Chris is a triathlete and long distance runner. She is a three time participant of the Boston Marathon.  She was the 2012 National Champion Paratriathlon Open Division and 2014 PC Open Division Duathlon National Champion. In 2013 she qualified as a member of the Team USA Duathlon Team and was eligible to compete in 2014 at the Age Group World Duathlon Sprint Championship in Pontevedre Spain.  She chose instead to represent the U.S. as a paratriathlete at the Pan-American Triathlon Championship in Dallas, Texas.

She is the author of the book, “Running for My Life” that details her experience as a CMT affected athlete.

You may visit her author page at:

Team CMT is a group of athletes and supporters working to raise awareness and to find a cure for CMT. We have 152 members in 30 states. We also have members in Australia, Canada, Vietnam, Turkey, Finland and Iran. If you wish to join us visit our web site; or

CMT or Charcot-Marie-Tooth is the most commonly inherited peripheral neuropathy. It affects over 155,000 Americans (as many as MS).  It is a disease of the nerves that control the muscles. It is slowly progressive, causing loss of normal function and or sensation in the lower legs/feet and arms/hands.

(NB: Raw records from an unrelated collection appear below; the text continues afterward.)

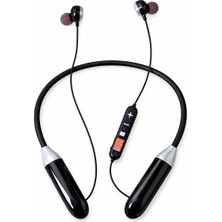 Digi Monster Leerfeı Comfort-04 | 400 Saat Müzik Süresi | Bluetooth 5.4 | Kablosuz Boyun Askılı Kulaklık |lcd Ekranlı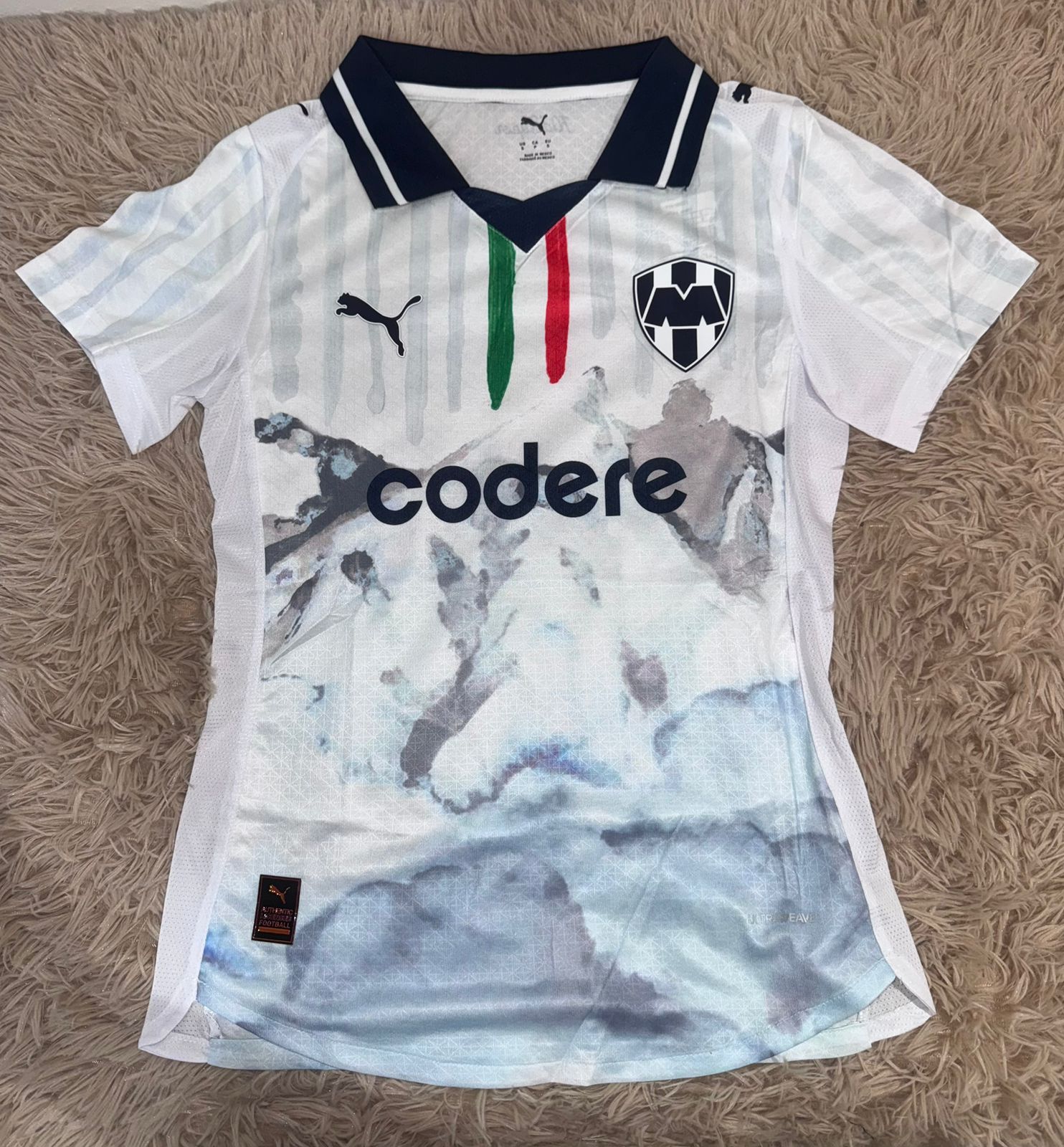 Jersey Rayados MDC Visita 25 DAMA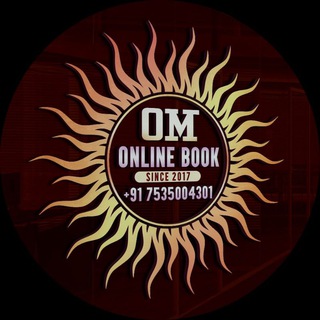 Telegram profile photo for OM ONLINE BOOK
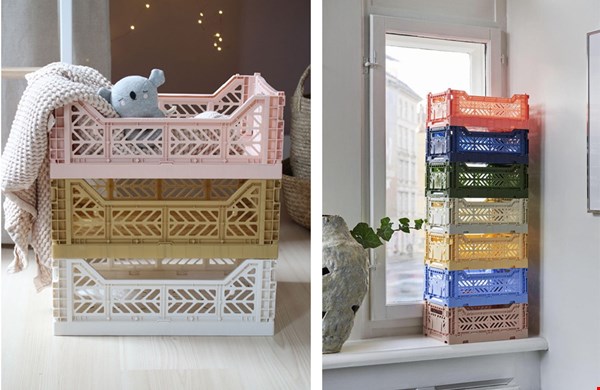 Ze blijven leuk, deze kleurrijke kratjes! Ze blijven leuk, deze kleurrijke kratjes!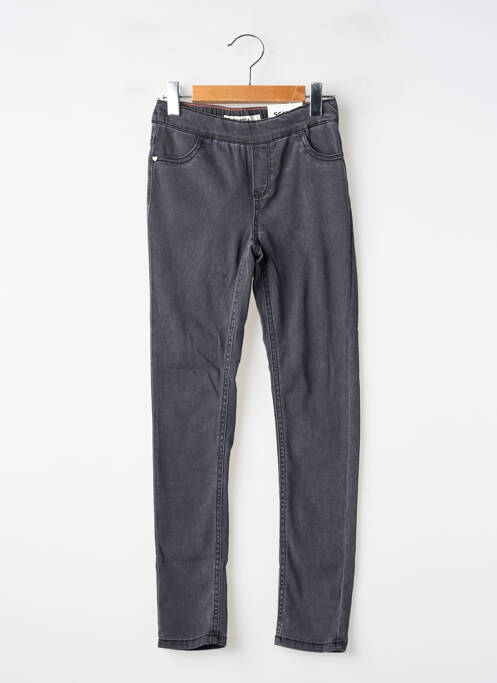 Jegging poches taille ajustable gris GARCIA fille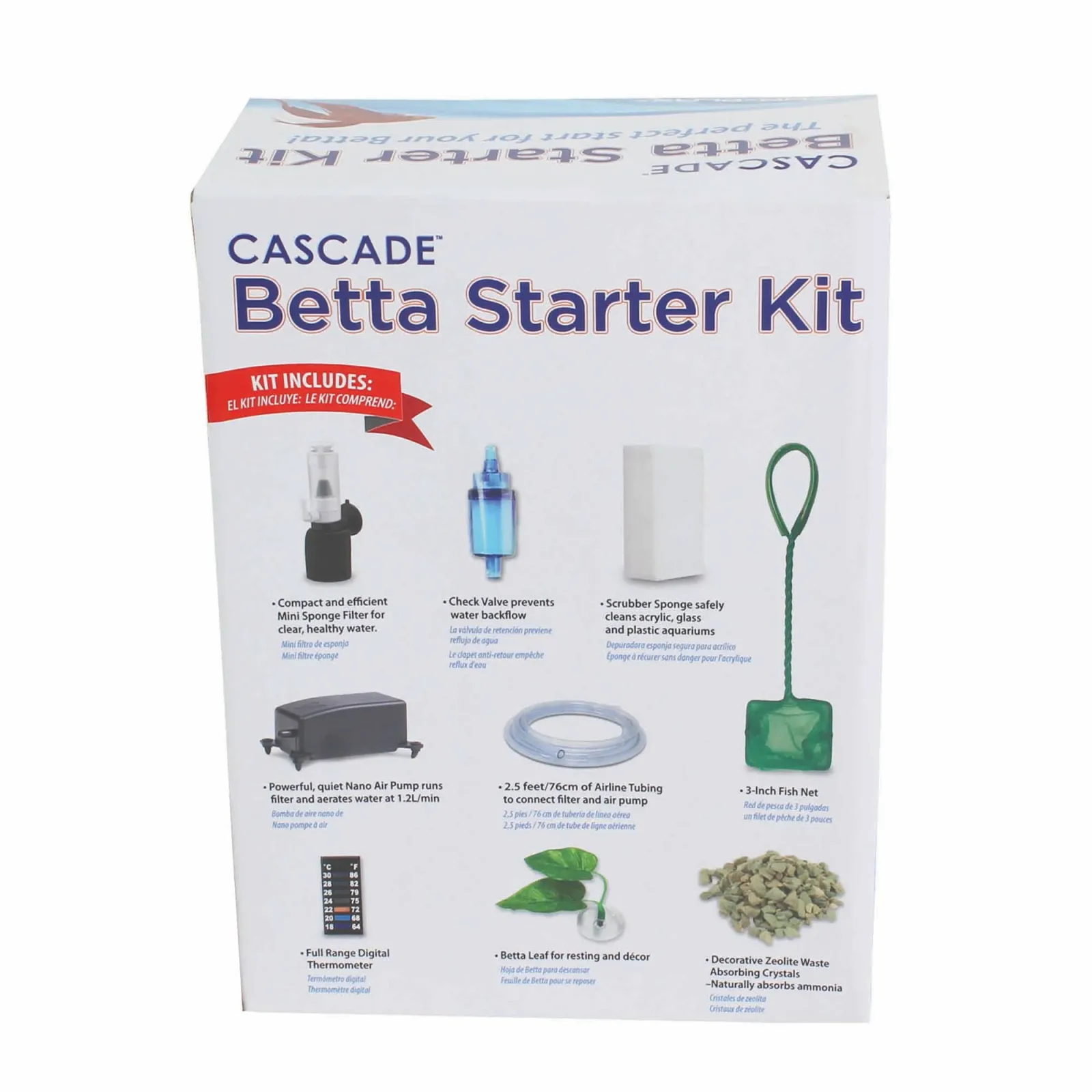 Penn-Plax Cascade Betta Fish Starter Kit - Image 2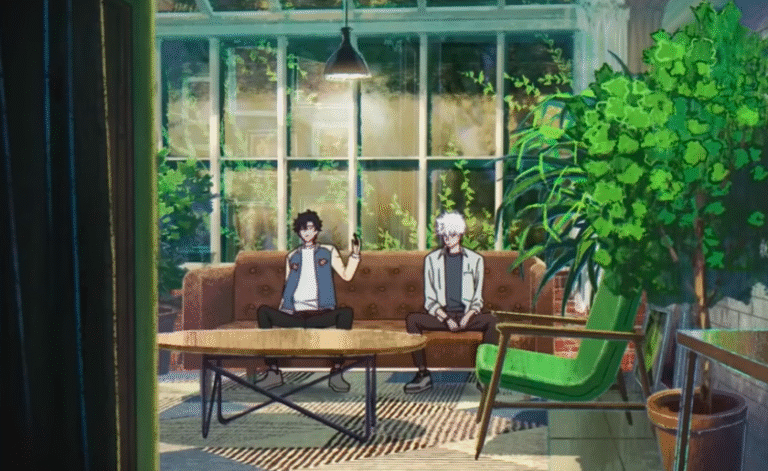 Screenshot from Official Link Click trailer on Youtube used in a Link Click review https://www.youtube.com/watch?v=HxoR_7jVBCM under fair use for review/commentary/criticism. All rights retained by respective owners.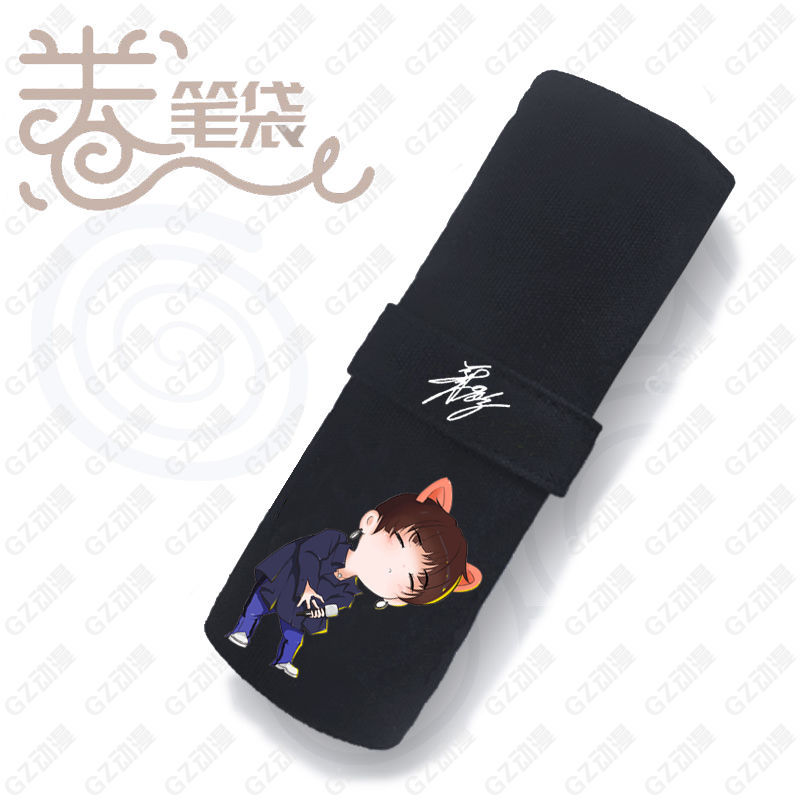 周深歌手华晨宇笔袋火星花花周边定制charlie卡布叻学生文具袋13周深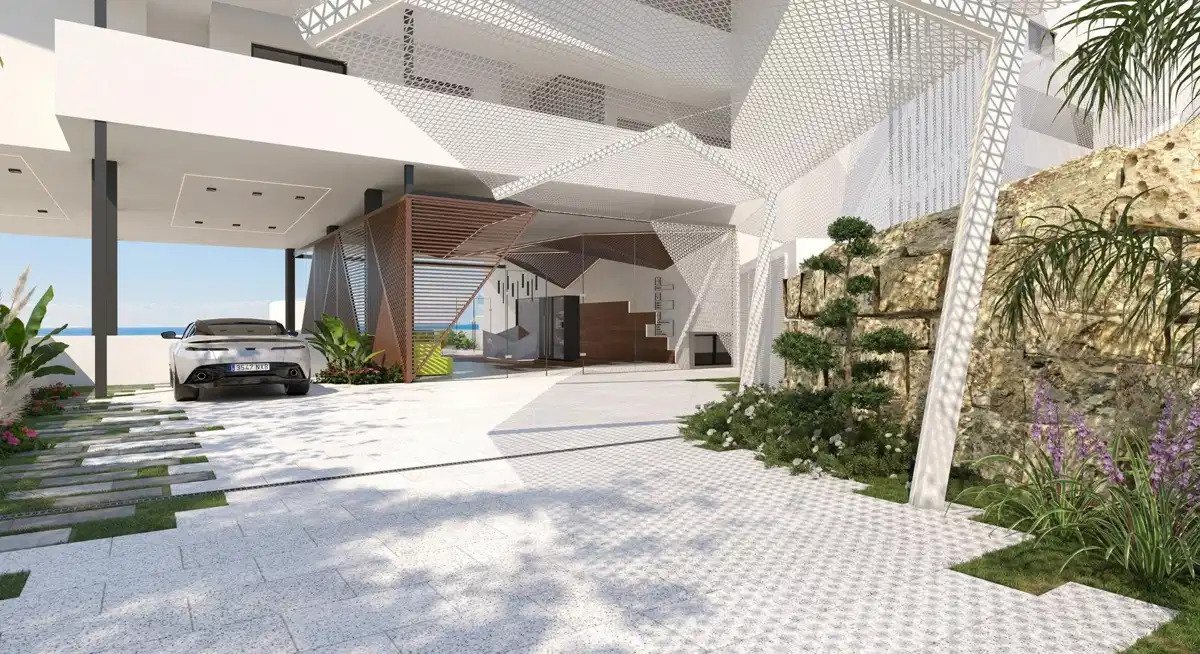 3-Zimmer, 4-Bad Penthouse mit Panoramablick auf das Meer in El Higuerón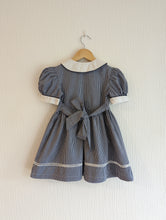 Load image into Gallery viewer, French Blue Gingham Dress - 3 Years
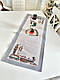 Новорічна доріжка на стіл гобеленова RUNNER1324GR, фото 5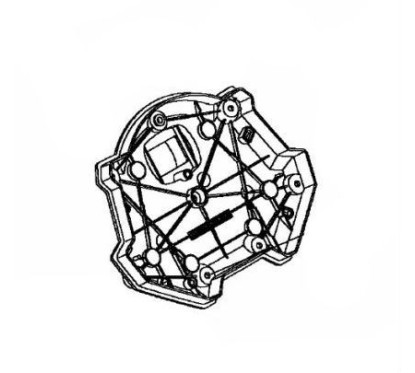 Base Compteur Kawasaki Z900 2017 2018 2019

Symptoms include; muscle wasting in the lower legs and feet leading to foot drop, poor balance and gait problems Atrophy in the hands causes difficulty with manual dexterity.

Structural foot deformities such as high arches and hammer toes are common.

Poor tolerance for cool or cold temperatures and many people have chronically cold hands and feet.

Additional symptoms may include fatigue, sleep apnea, breathing difficulties and hearing loss.